-- Instructions for the task --
Without the pictures, print each of the records below exactly as it appears.

-- Data under study --
%%

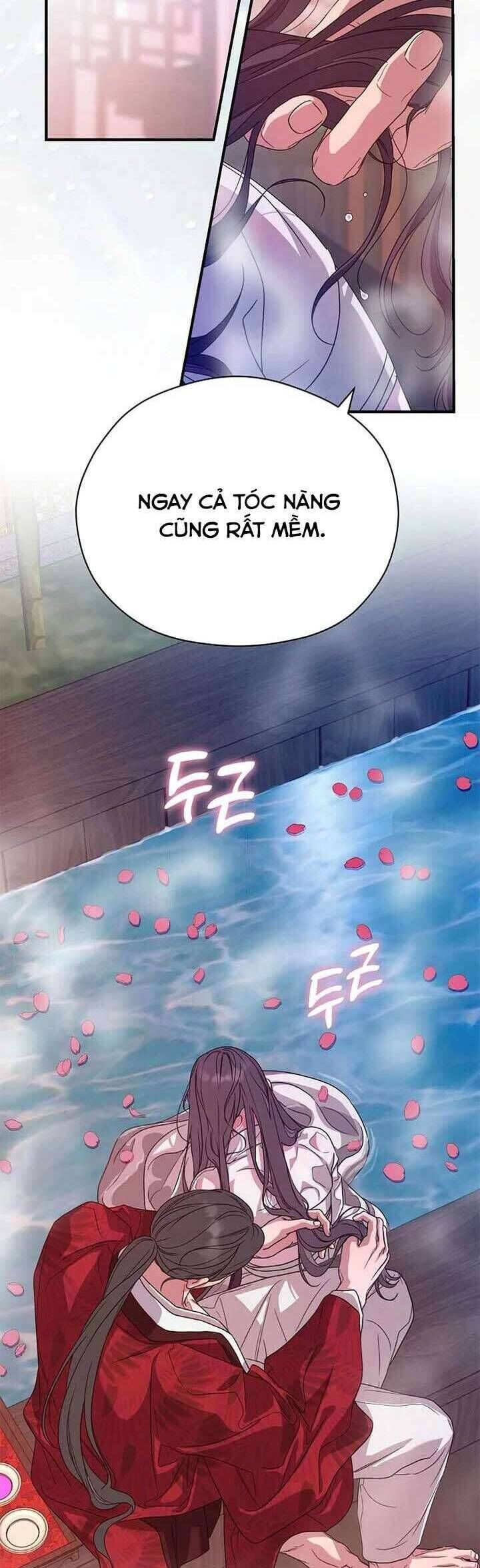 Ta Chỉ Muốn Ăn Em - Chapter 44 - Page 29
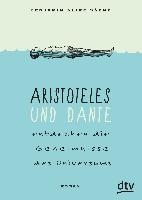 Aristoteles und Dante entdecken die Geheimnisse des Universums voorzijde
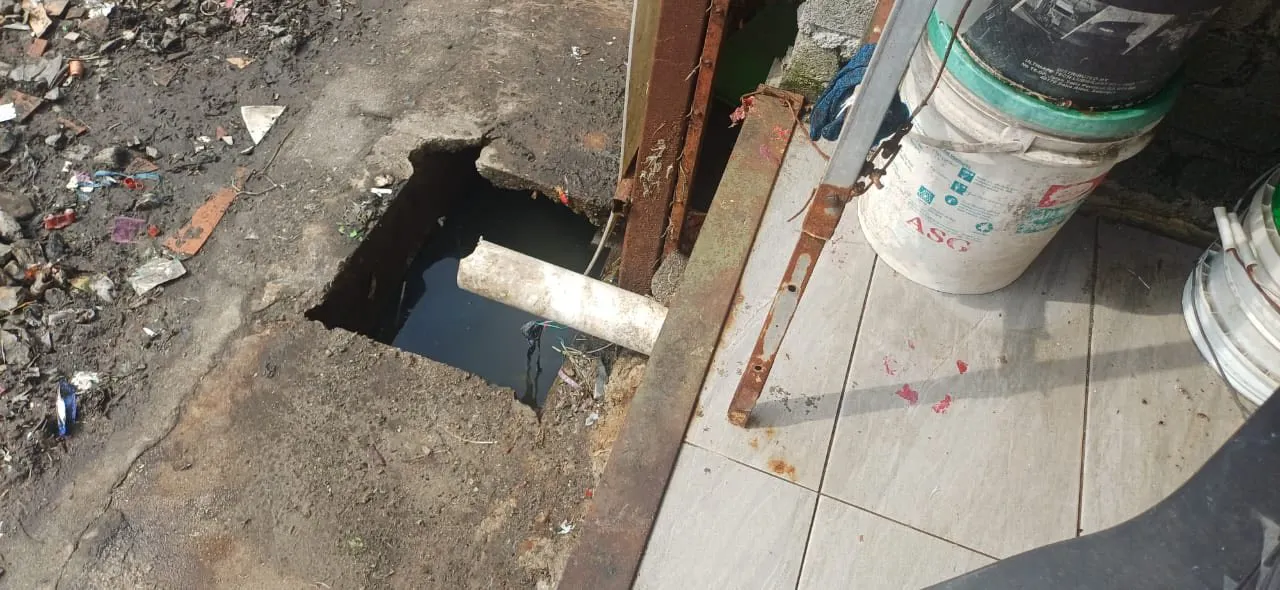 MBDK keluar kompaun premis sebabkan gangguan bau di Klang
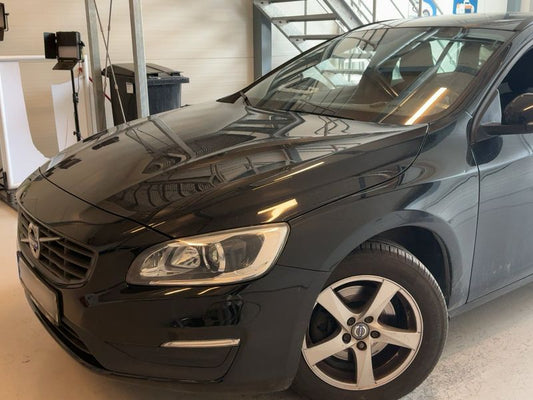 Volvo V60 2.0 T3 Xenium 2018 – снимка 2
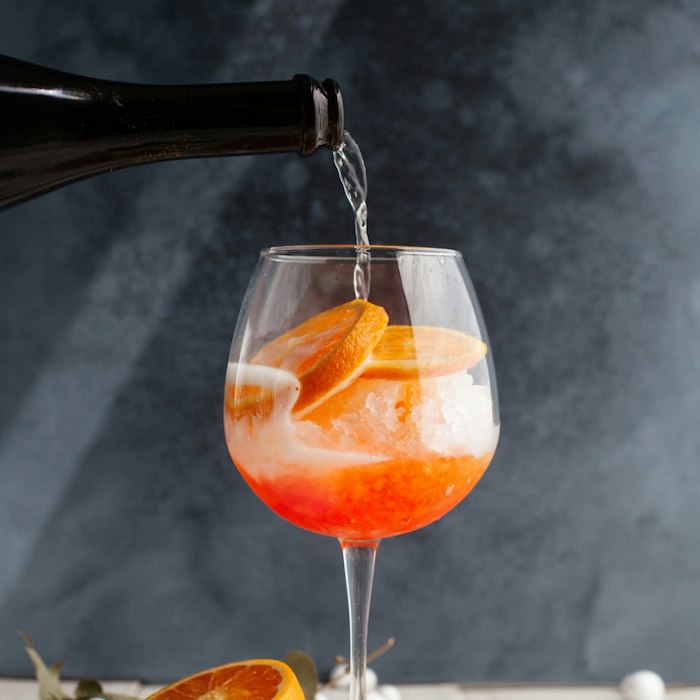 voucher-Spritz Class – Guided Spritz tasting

%%

-- Solution to this task --
 Ta Chỉ Muốn Ăn Em - Chapter 44 - Page 29
 Aristoteles und Dante entdecken die Geheimnisse des Universums voorzijde
 MBDK keluar kompaun premis sebabkan gangguan bau di Klang
 Volvo V60 2.0 T3 Xenium 2018 – снимка 2
 voucher-Spritz Class – Guided Spritz tasting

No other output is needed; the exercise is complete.